Financial Accounting Basics
A Few Basics: Where To Start With Bookkeeping If Numbers Aren’t Your Thing
Some people are great with numbers. Others showcase their other talents while bookkeeping remains a mystery. Wherever you fall on that spectrum, at Clear Accounting, numbers are our thing and we’re here to help with all things accounting. Whether you’re a small business owner, individual filing your taxes, or anyone else who might not know where to being with their bookkeeping and accounting, here’s some info on the basics to get you started.
Terms to Know
- Accounts Receivable: As the name suggests, accounts receivable refers to the amount of capital another party owes you. For example, if another company has bought something from you with payments in installments or if you have monthly recurring services, these would both be examples of accounts receivable because they refer to the amount of money another party owes you.
- Accruals: The accounting process takes time, and not all transactions can be fully completed immediately. That’s where accruals come in. Accruals refer to transactions that have been made but not yet fulfilled. This can mean expenses that have been incurred but not paid in full or sales transactions that have happened but have not been billed.
- Accrual Based Accounting: This accounting method takes when expenses are incurred and when payment is actually fulfilled into account. This method allows companies to be more flexible with their bookkeeping as there are various rules as to when payments will be fulfilled during the accounting period.
- Assets: In short, assets are what you own. They include all property, equipment, cash, and intangibles such as copyrights, brands, and trademarks.
- Balance Sheet: A balance sheet is a document that details your company’s overall finances. This includes assets, liabilities, and overall equity.
- Cash Basis Accounting: Cash basis accounting is another accounting method that’s great for small businesses and startups. This accounting method details when payments are sent and received, unlike accrual based accounting.
- Depreciation: The car you bought in 2008 probably isn’t as shiny and new now as it was when you bought it. That’s a result of depreciation. Assets lose their value over time, and that needs to be reflected in your record keeping, especially on your taxes.
- Equity: This refers to the overall amount of money put into a company by its various owners, and the cumulative net incomes earned over the life of the company.

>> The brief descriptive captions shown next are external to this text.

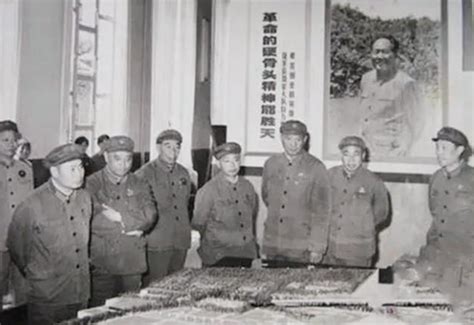 1944年5月11日，中国远征军第20集团军(集团军辖第53军、第54军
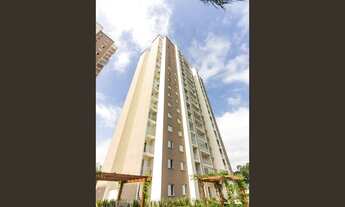 Imagem 5: VISITA VANIA 9 4 7 9 3 - 5 5 2 8 APTO PRONTO PARA MORAR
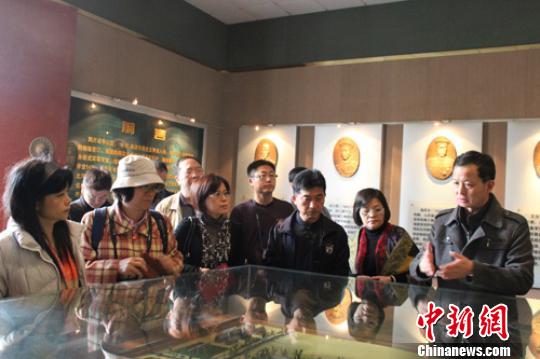 ���_(t��i)�����ϲ�ӛ�ߺӱ��С��������F(tu��n)�L����܊У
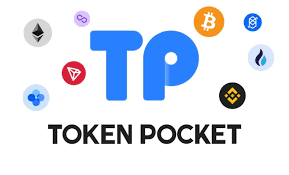 TP钱包官网测试版：未来数字资产的安全守护者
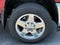 2013 Chevrolet Silverado 2500 HD LTZ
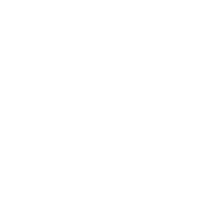 &#20048;&#40060;&#39029;&#38754;&#22312;&#32447;&#30331;&#24405;&#45;&#20048;&#40060;&#40;&#20013;&#22269;&#41;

- Fiscal Year: A fiscal year is the specific amount of time a company uses for its accounting period. While some companies follow the calendar year with their bookkeeping, some do not. For example, many schools will follow a fiscal year that starts in August and ends the following July because of how the school calendar falls.
- Forecasting: Forecasting is a technique where you use how your company has performed historically to predict how they will perform in the future. Though not perfectly accurate, this is a good way to get a big picture idea of how your company’s future finances.
- Liabilities: liabilities are everything your company owes. This includes everything from employee salaries, to rent, to a wide variety of other expenses.
- Profit and Loss Statement: A Profit and Loss statement is a financial report, which details expenses, earnings, and net profits over time.
- Revenue: Revenue increases all income a company has made without taking expenses into account.
Forms to Have:
Now you know the basic terms. Unfortunately, that’s not all you need to know in terms of basic accounting knowledge. Bookkeeping of all kinds comes with a lot of paperwork and forms to fill out. To get started there, here are a few forms to know about including where to find them and what their purpose is.
W4 Form: If you’ve ever had a new job, you’ve probably filled out a W4 form. This form shows employers how much federal income tax needs to be withheld from your paycheck. Withholding means that there is a certain amount of your paycheck that gets taken taken out and sent to the government. Its crucial to fill out this form correctly to avoid additional payments later on in the year and so the correct amount is withheld.
I9 Forms: The purpose of an I9 form is to verify employees identities and their authorization to work in America. All employees must fill out these forms to work legally in this country, whether or not they are a citizen. If employees are not U.S. citizens, they must include some form of documentation showing their eligibility to work in this country such as a work visa or work permit.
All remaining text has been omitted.